Abstract:
In South Africa, a number of BRT systems are currently either in the planning stage, detail
design and construction stage or operational. Cities such as Cape Town, Tshwane,
Johannesburg, Bloemfontein, Polokwane, Rustenburg, Nelson Mandela Bay and Durban are
currently in some BRT development or operational stage. These systems are being
implemented at much lower passenger demand than in the majority of developing nations
(Hensher & Golob, 2008), (City of Cape Town, 2012), (Rea Vaya, 2009), (Botha et. al., 2013).
Planning authorities in South Africa are required by the National Land Transport Act (NLTA) to
integrate all non-contracted services into a single public transport system (Republic of South
Africa, 2009). Current availability of funding through the Public Transport Infrastructure and
Systems grant (PTIS) and the Public Transport Operational Grant (PTOG), (Republic of South Africa, 2012), has made it possible for municipalities to plan, implement and operate such
systems.
No country possesses infinite funds to apply on the implementation and operation of public
transport systems. It is therefore important that an analysis should be done on bus based
infrastructure and operational alternatives. The incremental implementation of network wide
BRT like features, has however been proven to have greater benefit-cost ratios (Lindblom,
1979), rather than implementing a full BRT on a single line (Eddington, 2006), (Niles & Jerram,
2010), (Hitge & van Dijk, 2012) and (Hidalgo, c.a. 2006).
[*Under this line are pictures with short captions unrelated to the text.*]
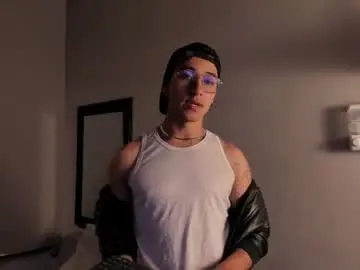 Chaturbate Sex Cam of andyjoy_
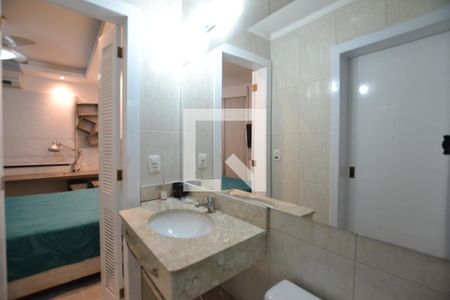 Casa à venda com 120m², 3 quartos e 1 vagaBanheiro da Suíte reversível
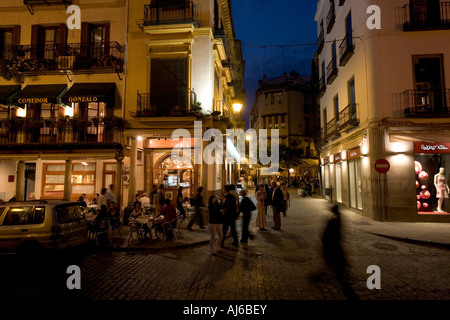 Einem anstrengenden gepflasterten Straße mit Straßencafés und Restaurants in der Nähe der Kathedrale von Sevilla-Sevilla Spanien Stockfoto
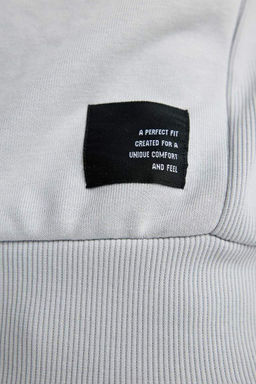 Базовый свитшот обычного кроя с тканой этикеткой - Defacto фото 5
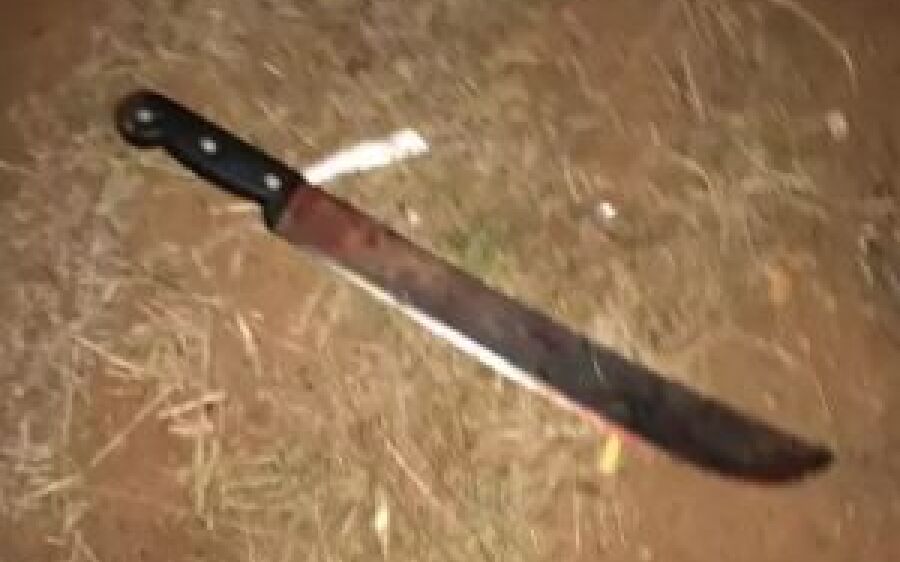 Homem lambe facão com sangue após quase arrancar braço do rival em briga
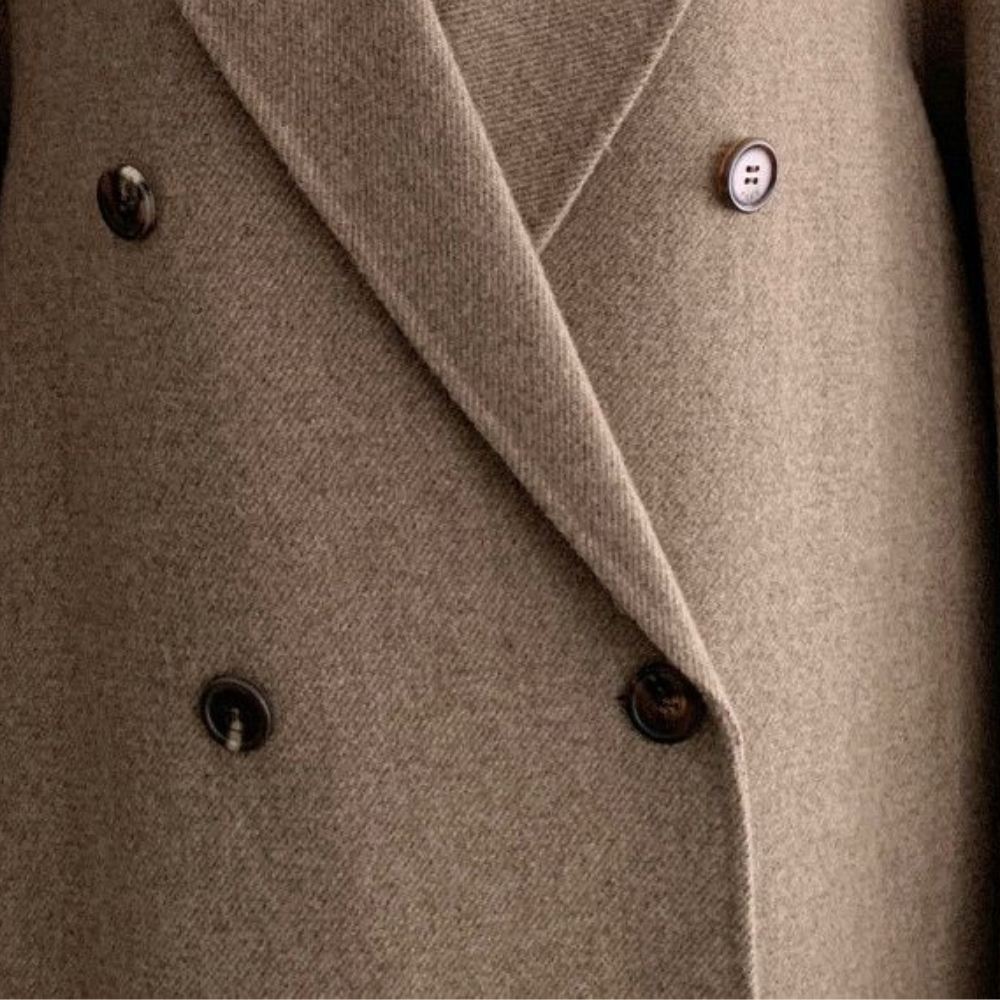 Maria Fernanda | Eleganter maßgeschneiderter Wintermantel für einen raffinierten Stil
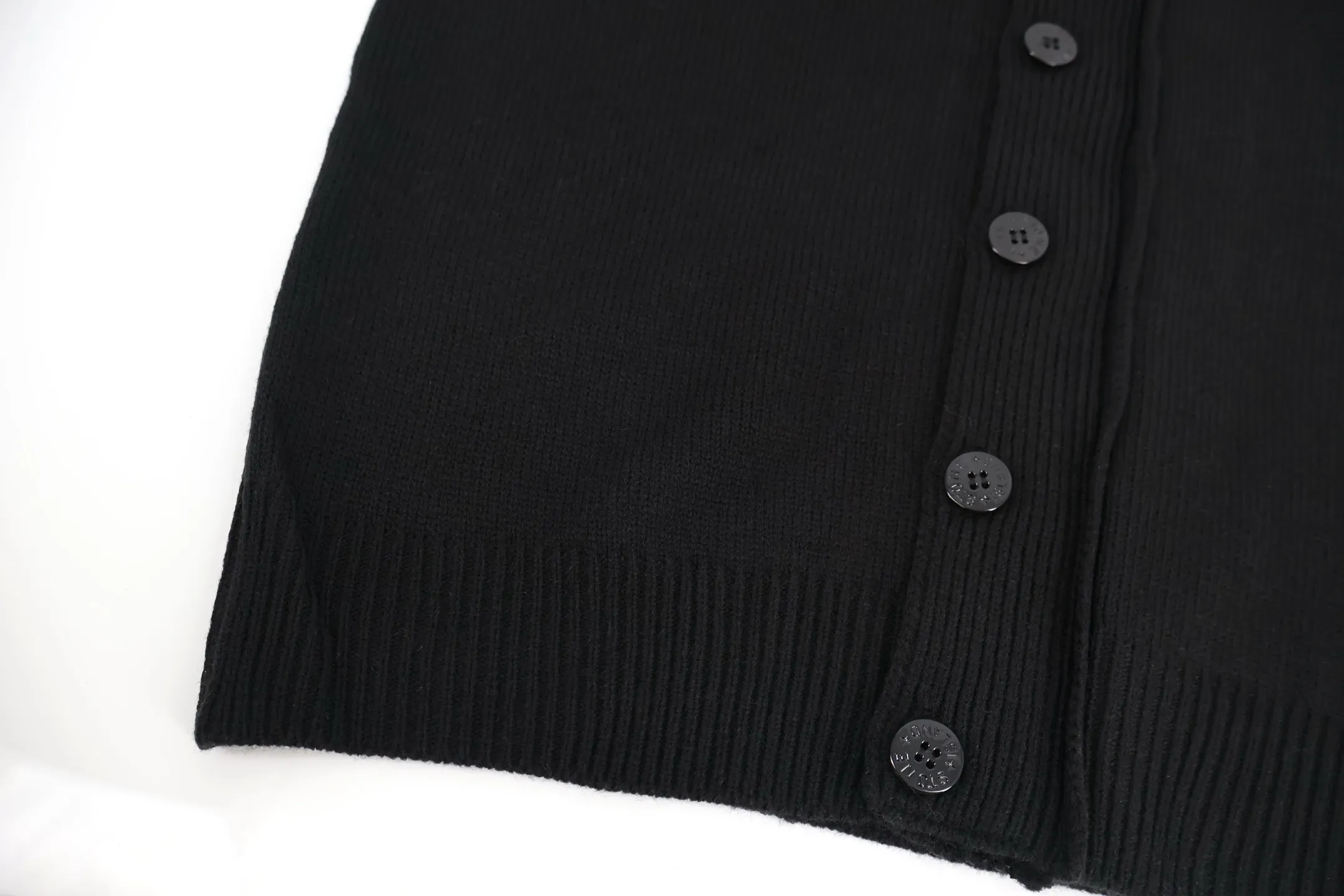 P690 Stone Island cardigan sweater (black) The original version was purchased and developed by 3621. The fabric is woven with 100% sheep wool yarn. The overall comfort is more skin-friendly than the original version. The YB upper body is particularly tight. Based on the quality of the original wool yarn, we have adjusted the overall feel and skin-friendly feel. They are both more comfortable and breathable than the ZP upper body. There is no difference in stripes compared to the original version. And it can be done to a full range of grades. It supports random detection of wool content to ensure that every piece customers get is a high-quality product. Customized 100 woolen woolen access control hemming. After the factory hemming of the clothes and sweaters is completed, it still needs to be taken to the weaving factory for secondary processing. It is very laborious. Customized hardware buttons, Stone Island armbands and zippers took 3 months to complete. The details are full. The overall wiring is straight and delicate, the fabric is comfortable and soft, and the color is consistent without color difference. It can be matched with the same style to create a fashionable look and control various occasions. Customized accessories, complete with three standards, the same style for men and women. Size:S-M-L-XL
When the decision is made to implement a bus based public transport system, the planning
authority is faced with various questions. Two of the more critical questions faced are:
• What level of bus service should be implemented?
• What type of bus should be used?
The goal of this study therefore is, taking into consideration an incremental increase in
passenger demand, to find the optimum size of bus to use in combination with the extent of
public transport infrastructure to be implemented.
A model was created for this study in order to re-create a real life scheduled bus service for
each of the different variables. One of the variables used in this study is the type of bus, with a
single BRT bus, articulated bus and bi-articulated bus used in the model. Another variable used
in this study is the type of service, with a traditional bus service, operating in mixed traffic
(base case scenario), a London style bus lane service and a BRT service being used to populate
the model. Other variables include the level of traffic congestion experienced in the mixed lane
bus service and the passenger demand encountered on the public transport line.
Initially, the data obtained from the model shows, when compared to the same type of service,
a bi-articulated bus always has the best benefit-cost ratio. This is followed by an articulated
bus, with a single bus having the worst benefit-cost ratio. An increase in traffic only raises the
benefit-cost values, and does not alter the general trend of the services or buses.